SYDNEY (Reuters) - Asian stocks stumbled on Wednesday in sympathy with weak U.S. and European markets as equities investors were spooked by a vicious selloff in sovereign bonds globally.
The sudden spike in bond yields is being mirrored by an equally rapid rally in resources to suggest investors are becoming less concerned about the danger of deflation.
MSCI's broadest index of Asia-Pacific shares outside Japan was off 0.4 per cent in early trade, led by a 1.2 per cent decline in Australia.
The Straits Times Index was down 0.54 per cent at 3,452.39 at around 9:15am.
Dealers were uncertain if this was just a temporary correction of very crowded positions or a turning point toward a more reflationary world, but evidence for the latter was starting to pile up.
A broad bounce in commodities saw oil and copper prices speed to their highest for the year so far, while zinc reached ground not trod in eight months.
Brent crude has climbed almost 50 per cent from its January trough to reach US$67.66 a barrel, with U.S. crude not far behind at US$60.71.
In just four sessions yields on 10-year German paper had tripled to 0.517 per cent and erased all the gains made this year. On Tuesday alone, Italian, Spanish and Portuguese yields all rose between 27 and 30 basis points.

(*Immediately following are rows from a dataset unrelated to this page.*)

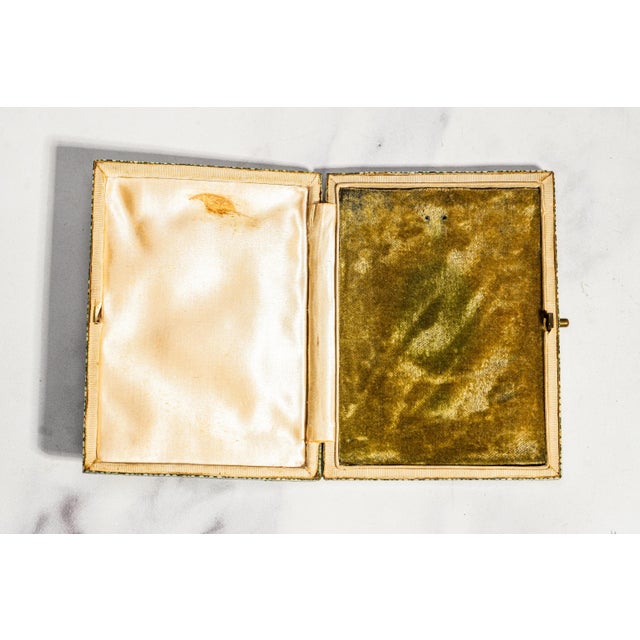1920s Rare Antique Green Shagreen Leather Jewelry Presentation Box Case For Sale - Image 5 of 11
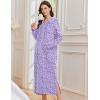 Ekouaer Nightgowns for Women Fleece Nightgown Long Sleeve Sleepwear Hooded Night Gown Long Sleep Shirt with Pocket(Purple Flower)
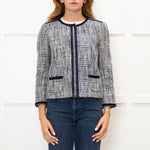 Marella Blue Cotton Trim Tweed Jacket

The U.S. 10-year Treasury yield touched a two-month top at 2.20 per cent having climbed from 1.92 per cent in little more than a week.

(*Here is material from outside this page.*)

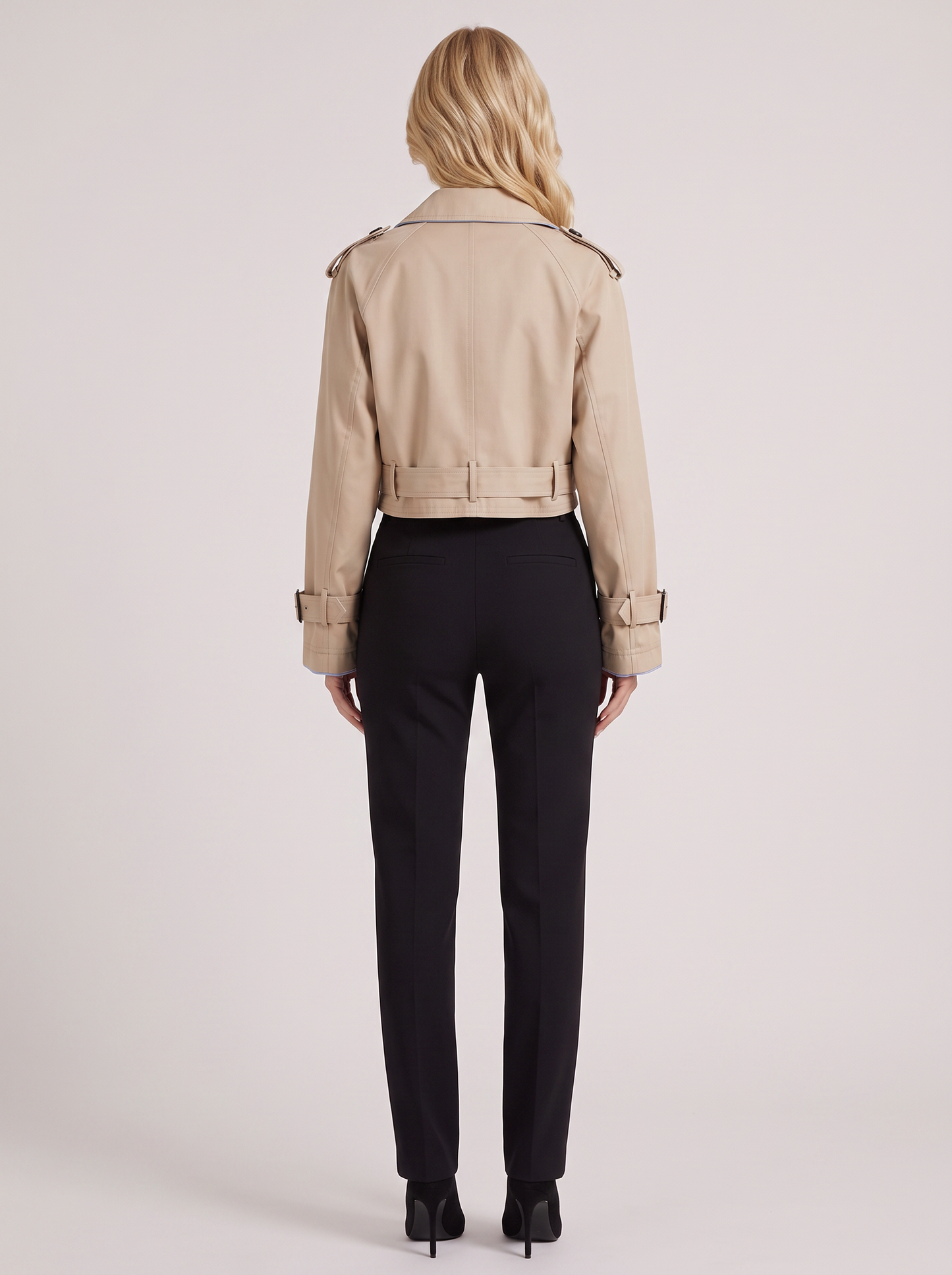 Women's khaki utility trench with epaulette shoulders and belted cuffs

Thirty-year paper suffered even more as investors all but went on a buying strike to protest the paltry returns paid by such long-dated debt.
With yield up, equities have faltered.
The Dow ended Tuesday down 0.79 per cent, while the S&P 500 lost 1.18 per cent, and the Nasdaq 1.55 per cent. The pan-European FTSEurofirst 300 equity index shed 1.6 per cent.
Commodity currencies benefited from the rebound in resource prices, with the Australian dollar the best performer. The Aussie rose more than 1 per cent to US$0.7955 and was last at US$0.7935.
It was already on the rise on Tuesday after the Reserve Bank of Australia gave no clear signs that it will ease again, having cut its cash rate to a record low 2.0 per cent.
The U.S. dollar was less lucky as an unexpectedly sharp widening in the U.S. trade deficit suggested the economy may have shrunk in the first quarter.
The U.S. dollar index fell as far as 94.877, retreating from a one-week high of 95.946. It last stood at 95.160.
Against the yen, the greenback eased to 119.90 from a 3-1/2 week high of 120.51. The euro rebounded to $1.1183, from Tuesday's low of $1.1066.
The next focus in Asia will be a private survey of China's services sector due at 9:45am Singapore time. With the market worried about slowing Chinese manufacturing activity, any weakness will only add to expectations for more stimulus.
Later in the day, Federal Reserve Chair Janet Yellen is scheduled to speak and markets will be super sensitive to any guidance on the outlook for the first hike in interest rates.